My word for the year is “explore,” and boy have I been out there exploring new things. So far this year I’ve gotten into cheese making, tried out for BookRiot, and the move closer to work, which is resulting in some fun new neighborhood explorations. Recently I quit talking about a goal of mine and did something about it: I submitted a short story for publication.
I’d been doing fiction writing rather consistently on an idea I have for a novel, but I got stuck and stalled out. I was out web surfing for submission locations, and I found a publication with a unique premise – every short story in an issue has the same first line.
I looked at the sentence for the fall issue (“Mrs. Robinson was too busy to die.”), and I immediately knew where I would go with it. After writing the first draft and polishing it a bit, I sent it to my professor friend, and he gave me some excellent suggestions. The end result was that I submitted something that I am proud of, especially for a first short story.
The submission due date was August first.
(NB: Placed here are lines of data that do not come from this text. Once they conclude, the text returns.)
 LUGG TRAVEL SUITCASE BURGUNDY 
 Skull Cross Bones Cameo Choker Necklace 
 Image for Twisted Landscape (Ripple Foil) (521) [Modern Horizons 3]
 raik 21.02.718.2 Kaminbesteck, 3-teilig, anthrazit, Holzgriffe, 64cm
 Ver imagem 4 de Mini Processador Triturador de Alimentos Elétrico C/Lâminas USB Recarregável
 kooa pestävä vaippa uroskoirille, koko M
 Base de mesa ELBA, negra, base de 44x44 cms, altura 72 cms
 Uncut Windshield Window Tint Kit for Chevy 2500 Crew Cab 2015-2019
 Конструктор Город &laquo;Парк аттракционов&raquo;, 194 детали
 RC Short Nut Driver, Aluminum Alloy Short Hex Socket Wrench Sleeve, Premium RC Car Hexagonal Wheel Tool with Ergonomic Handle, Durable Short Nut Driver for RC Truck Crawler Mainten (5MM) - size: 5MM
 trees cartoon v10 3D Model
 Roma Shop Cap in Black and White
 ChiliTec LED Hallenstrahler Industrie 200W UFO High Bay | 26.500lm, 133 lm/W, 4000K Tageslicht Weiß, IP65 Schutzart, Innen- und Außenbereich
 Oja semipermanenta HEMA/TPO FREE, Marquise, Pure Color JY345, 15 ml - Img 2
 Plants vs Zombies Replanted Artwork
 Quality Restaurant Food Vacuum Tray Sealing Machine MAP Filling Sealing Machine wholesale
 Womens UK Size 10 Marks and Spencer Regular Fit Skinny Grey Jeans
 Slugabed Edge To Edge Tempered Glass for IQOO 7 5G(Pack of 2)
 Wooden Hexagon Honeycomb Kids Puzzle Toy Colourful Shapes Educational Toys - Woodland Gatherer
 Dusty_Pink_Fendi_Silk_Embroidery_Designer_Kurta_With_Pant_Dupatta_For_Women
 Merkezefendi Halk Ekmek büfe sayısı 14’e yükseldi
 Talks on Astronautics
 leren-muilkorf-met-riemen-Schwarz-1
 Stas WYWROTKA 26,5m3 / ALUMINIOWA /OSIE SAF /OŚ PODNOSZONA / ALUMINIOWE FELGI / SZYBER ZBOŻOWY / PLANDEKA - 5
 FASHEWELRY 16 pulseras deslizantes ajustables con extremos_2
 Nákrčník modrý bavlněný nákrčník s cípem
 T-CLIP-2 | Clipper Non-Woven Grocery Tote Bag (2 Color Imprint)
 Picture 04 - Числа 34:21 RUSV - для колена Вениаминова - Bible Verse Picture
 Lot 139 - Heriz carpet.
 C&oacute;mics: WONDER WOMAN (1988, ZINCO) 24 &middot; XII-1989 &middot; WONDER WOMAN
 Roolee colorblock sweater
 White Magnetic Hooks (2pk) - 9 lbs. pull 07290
The website said they get responses out to authors in two to three weeks. I checked the home page last week, only to find out that they had had a record number of submissions. How do I keep unknowingly choosing crowded fields to compete in for my first time?
I heard back from them late Monday night. It was a rejection email, and that did not discourage me at all. As much as I wanted it, I would have been shocked if my first story got accepted anywhere. The wording of the email made me admire the publication all the more. The first sentence was, “Thank you for letting us read ‘Blending In.'”
Although the prompt for their next issue doesn’t do it for me, the one for their sister publication, The Last Line, does. I’ve already started plotting out that submission.
If anyone would like to read my short story (it’s actually flash fiction, only 1,000 words), email me at Tammy at grownupnowwhat.com and I’ll send you a link and the password to a page on this site. (If I make my story a post, it is no longer considered unpublished.)
I’m so proud of myself for trying new things and continuing even when the first result is not complete success.
What was the last activity you continued with even after a setback? or Has anyone else received a rejection that spurred them to do better?